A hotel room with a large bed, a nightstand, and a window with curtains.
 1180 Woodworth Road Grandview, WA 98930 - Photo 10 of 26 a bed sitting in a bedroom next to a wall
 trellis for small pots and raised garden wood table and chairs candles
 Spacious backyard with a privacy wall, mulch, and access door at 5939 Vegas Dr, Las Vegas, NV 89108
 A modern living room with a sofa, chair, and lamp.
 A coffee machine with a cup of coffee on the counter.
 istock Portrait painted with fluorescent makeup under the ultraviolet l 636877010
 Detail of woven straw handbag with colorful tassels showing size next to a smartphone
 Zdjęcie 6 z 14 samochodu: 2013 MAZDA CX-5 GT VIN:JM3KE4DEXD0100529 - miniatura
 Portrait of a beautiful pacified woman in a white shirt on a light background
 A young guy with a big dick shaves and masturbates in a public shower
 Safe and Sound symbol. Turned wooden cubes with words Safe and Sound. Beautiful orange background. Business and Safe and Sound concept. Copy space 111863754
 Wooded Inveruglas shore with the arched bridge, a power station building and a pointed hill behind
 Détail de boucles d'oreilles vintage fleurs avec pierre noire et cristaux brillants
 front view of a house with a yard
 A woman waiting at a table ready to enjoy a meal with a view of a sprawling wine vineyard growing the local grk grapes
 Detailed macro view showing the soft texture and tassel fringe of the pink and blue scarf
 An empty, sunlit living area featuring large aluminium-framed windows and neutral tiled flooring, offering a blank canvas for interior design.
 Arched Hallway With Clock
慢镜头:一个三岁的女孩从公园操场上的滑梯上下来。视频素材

______

__What the exercise asks__
Transcribe the full listing exactly, omitting nothing.

__Response box__
A hotel room with a large bed, a nightstand, and a window with curtains.
 1180 Woodworth Road Grandview, WA 98930 - Photo 10 of 26 a bed sitting in a bedroom next to a wall
 trellis for small pots and raised garden wood table and chairs candles
 Spacious backyard with a privacy wall, mulch, and access door at 5939 Vegas Dr, Las Vegas, NV 89108
 A modern living room with a sofa, chair, and lamp.
 A coffee machine with a cup of coffee on the counter.
 istock Portrait painted with fluorescent makeup under the ultraviolet l 636877010
 Detail of woven straw handbag with colorful tassels showing size next to a smartphone
 Zdjęcie 6 z 14 samochodu: 2013 MAZDA CX-5 GT VIN:JM3KE4DEXD0100529 - miniatura
 Portrait of a beautiful pacified woman in a white shirt on a light background
 A young guy with a big dick shaves and masturbates in a public shower
 Safe and Sound symbol. Turned wooden cubes with words Safe and Sound. Beautiful orange background. Business and Safe and Sound concept. Copy space 111863754
 Wooded Inveruglas shore with the arched bridge, a power station building and a pointed hill behind
 Détail de boucles d'oreilles vintage fleurs avec pierre noire et cristaux brillants
 front view of a house with a yard
 A woman waiting at a table ready to enjoy a meal with a view of a sprawling wine vineyard growing the local grk grapes
 Detailed macro view showing the soft texture and tassel fringe of the pink and blue scarf
 An empty, sunlit living area featuring large aluminium-framed windows and neutral tiled flooring, offering a blank canvas for interior design.
 Arched Hallway With Clock
慢镜头:一个三岁的女孩从公园操场上的滑梯上下来。视频素材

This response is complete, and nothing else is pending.